Forbes Magazine recently ranked the Air Force Academy the second best public college in the United States and the seventh best overall. Tuition, room and board are covered by the government and the cadets receive a monthly stipend but incur a commitment to serve in the military after graduation.
Corbett graduated from RHS in 2009. He had a 4.3 grade point average and earned four varsity letters in volleyball. He also served as a mentor at Mount Woodson Elementary School three days a week.
At Mesa, Corbett earned a 3.5 grade point average and played volleyball two seasons and also returned to help coach the RHS teams. Since every cadet at the Air Force Academy is required to participate in intercollegiate or intramural sports, Corbett hopes to play club volleyball or go out for rugby.
He hopes to major in aerospace engineering or electrical engineering at the academy and plans on making the Air Force a career. His parents, Ed and Janice, are proud of him and support his choice to enroll in the academy. His grandfather, John Harris, was a career sailor in the Navy and served in World War II, Korea and Vietnam.

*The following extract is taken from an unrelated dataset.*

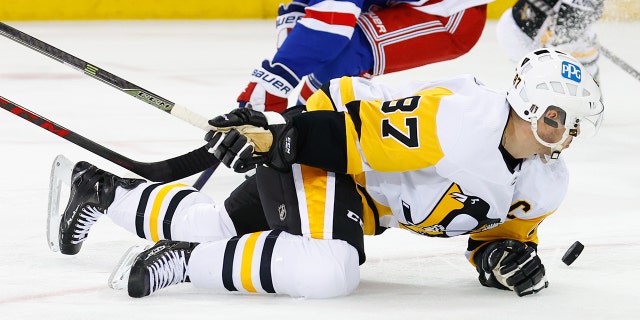 Pittsburgh Penguins center Sidney Crosby on the ice after being hit by Rangers defenseman Jacob Trouba on May 11, 2022, at Madison Square Garden in New York City.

“We chose to move to Ramona when Stuart was 3 because of the community pride and unity and the school system,” said his father Ed. “Stuart was exposed to many great people and teachers and that helped him tremendously.”
Corbett probably will not be able to read this article for six weeks. He is serving in basic training affectionately referred to as “beast” by the cadets. During “beast,” cadets learn military customs and courtesies, proper wear of the uniform, drill and ceremony, study military knowledge and undergo rigorous physical training and complete a program in field encampment environment. Upon completion of basics, cadets receive their fourth class shoulder boards, take the Honor Oath and are formally accepted as members of the Cadet Wing.
Upon graduation from USAFA, cadets are commissioned as second lieutenants in the United States Air Force.
The Ramona Sentinel congratulates Stuart Corbett and wishes him the best.